Forgiveness → Forgiveness requires truth, not silence.
Frameworks → TIDC, BUFFER, and Caring Science are roadmaps for justice-centered care.
Equanimity → Even amid outrage, we ground ourselves in truth and love.
Respect → For educators. For students. For every thread in the fabric of care.
Caring Science Demands We Speak
Caring is not soft. It is revolutionary.
Dr. Jean Watson reminds us that care is both an ethical imperative and a political act.
This is a moment of moral injury, not just policy failure.
To look away is to collude.
To speak up is to reclaim care as sacred—and nonnegotiable.
What You Can Say
“This is not just a policy shift—it’s an attack on education as a public good.”
“We stand with the public servants who’ve been silenced and sacrificed in this political purge.”
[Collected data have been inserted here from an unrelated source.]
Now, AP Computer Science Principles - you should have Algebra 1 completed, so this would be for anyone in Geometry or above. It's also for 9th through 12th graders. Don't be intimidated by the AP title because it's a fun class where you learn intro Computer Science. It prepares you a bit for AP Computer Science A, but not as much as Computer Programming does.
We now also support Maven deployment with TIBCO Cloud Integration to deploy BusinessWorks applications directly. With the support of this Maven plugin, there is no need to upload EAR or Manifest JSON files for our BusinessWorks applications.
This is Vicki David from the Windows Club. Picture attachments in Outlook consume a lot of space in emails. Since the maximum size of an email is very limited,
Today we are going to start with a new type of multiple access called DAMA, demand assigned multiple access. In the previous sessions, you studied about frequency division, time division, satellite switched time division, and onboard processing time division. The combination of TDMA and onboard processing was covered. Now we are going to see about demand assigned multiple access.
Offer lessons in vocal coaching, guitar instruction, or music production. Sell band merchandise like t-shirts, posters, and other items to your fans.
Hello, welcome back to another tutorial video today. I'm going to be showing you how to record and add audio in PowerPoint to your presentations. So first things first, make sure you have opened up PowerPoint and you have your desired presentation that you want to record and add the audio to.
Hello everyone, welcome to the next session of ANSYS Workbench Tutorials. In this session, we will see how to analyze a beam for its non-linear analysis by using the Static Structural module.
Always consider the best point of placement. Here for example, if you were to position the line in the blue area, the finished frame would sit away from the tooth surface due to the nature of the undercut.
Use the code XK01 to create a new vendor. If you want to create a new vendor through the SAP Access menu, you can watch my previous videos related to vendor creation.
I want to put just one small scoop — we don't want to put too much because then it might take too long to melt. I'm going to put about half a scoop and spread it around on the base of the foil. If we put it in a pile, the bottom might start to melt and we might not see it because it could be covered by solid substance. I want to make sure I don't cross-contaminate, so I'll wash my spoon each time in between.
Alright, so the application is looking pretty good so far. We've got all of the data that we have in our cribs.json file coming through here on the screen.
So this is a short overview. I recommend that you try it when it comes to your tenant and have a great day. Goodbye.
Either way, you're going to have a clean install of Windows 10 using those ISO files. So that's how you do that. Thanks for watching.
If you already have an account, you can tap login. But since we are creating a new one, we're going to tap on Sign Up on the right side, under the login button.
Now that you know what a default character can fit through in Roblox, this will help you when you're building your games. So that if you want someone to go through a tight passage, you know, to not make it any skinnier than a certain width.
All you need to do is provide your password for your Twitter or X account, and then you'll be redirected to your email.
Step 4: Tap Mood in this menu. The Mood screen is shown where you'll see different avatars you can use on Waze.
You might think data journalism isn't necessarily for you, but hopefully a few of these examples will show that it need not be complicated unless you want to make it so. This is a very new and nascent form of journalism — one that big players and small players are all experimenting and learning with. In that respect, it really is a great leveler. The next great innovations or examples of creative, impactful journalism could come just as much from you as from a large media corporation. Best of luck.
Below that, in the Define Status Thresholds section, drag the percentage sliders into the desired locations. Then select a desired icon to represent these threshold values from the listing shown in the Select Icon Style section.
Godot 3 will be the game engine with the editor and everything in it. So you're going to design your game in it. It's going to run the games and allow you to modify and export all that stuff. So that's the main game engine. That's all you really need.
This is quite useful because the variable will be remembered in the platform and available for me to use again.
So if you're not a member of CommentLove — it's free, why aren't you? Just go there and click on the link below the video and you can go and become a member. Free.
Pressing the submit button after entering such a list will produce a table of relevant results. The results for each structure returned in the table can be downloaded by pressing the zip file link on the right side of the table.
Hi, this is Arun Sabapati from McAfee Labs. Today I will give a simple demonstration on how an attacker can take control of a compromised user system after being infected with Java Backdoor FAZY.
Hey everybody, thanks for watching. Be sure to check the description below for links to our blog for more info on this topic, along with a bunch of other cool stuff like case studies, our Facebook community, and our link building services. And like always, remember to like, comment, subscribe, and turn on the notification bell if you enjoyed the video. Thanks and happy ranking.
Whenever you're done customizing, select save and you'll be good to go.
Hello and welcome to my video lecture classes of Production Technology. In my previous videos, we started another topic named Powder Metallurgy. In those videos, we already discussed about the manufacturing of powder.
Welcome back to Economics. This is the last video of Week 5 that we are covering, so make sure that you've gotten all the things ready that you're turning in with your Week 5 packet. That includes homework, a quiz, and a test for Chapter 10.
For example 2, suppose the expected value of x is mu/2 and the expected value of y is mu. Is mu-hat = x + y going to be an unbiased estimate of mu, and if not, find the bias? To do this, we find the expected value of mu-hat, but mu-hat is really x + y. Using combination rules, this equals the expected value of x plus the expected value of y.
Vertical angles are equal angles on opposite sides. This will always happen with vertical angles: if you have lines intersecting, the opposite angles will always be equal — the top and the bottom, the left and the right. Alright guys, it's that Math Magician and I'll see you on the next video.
“Authoritarian regimes don’t start with tanks—they start with the quiet dismantling of civil society.”
What You Can Do
Speak up. Post, write, disrupt the narrative. Normalize nothing.
Support educators. Join those resisting these unjust cuts.
Connect the dots. This is not an isolated event. It’s a test run—on education, on democracy, and on care.
Final Reflection
When a nation lays off its educators, it’s not saving money—it’s surrendering its soul.
Education is care. Care is sacred. And care must never be expendable.
Let this be the moment we refuse to go numb.
Let this be the moment we buffer the blow with courage.
Let this be the moment we stand—with clarity, with conscience, and with care.
With fierce love,
Mary
P.S.: This isn’t just about education. It’s about every system that makes care possible. If they can erase 1,400 educators without consequence, they will come for others next.
Now is the time to speak—not because it’s safe, but because it’s sacred.
Let’s make noise. Let’s make meaning. Let’s make a movement.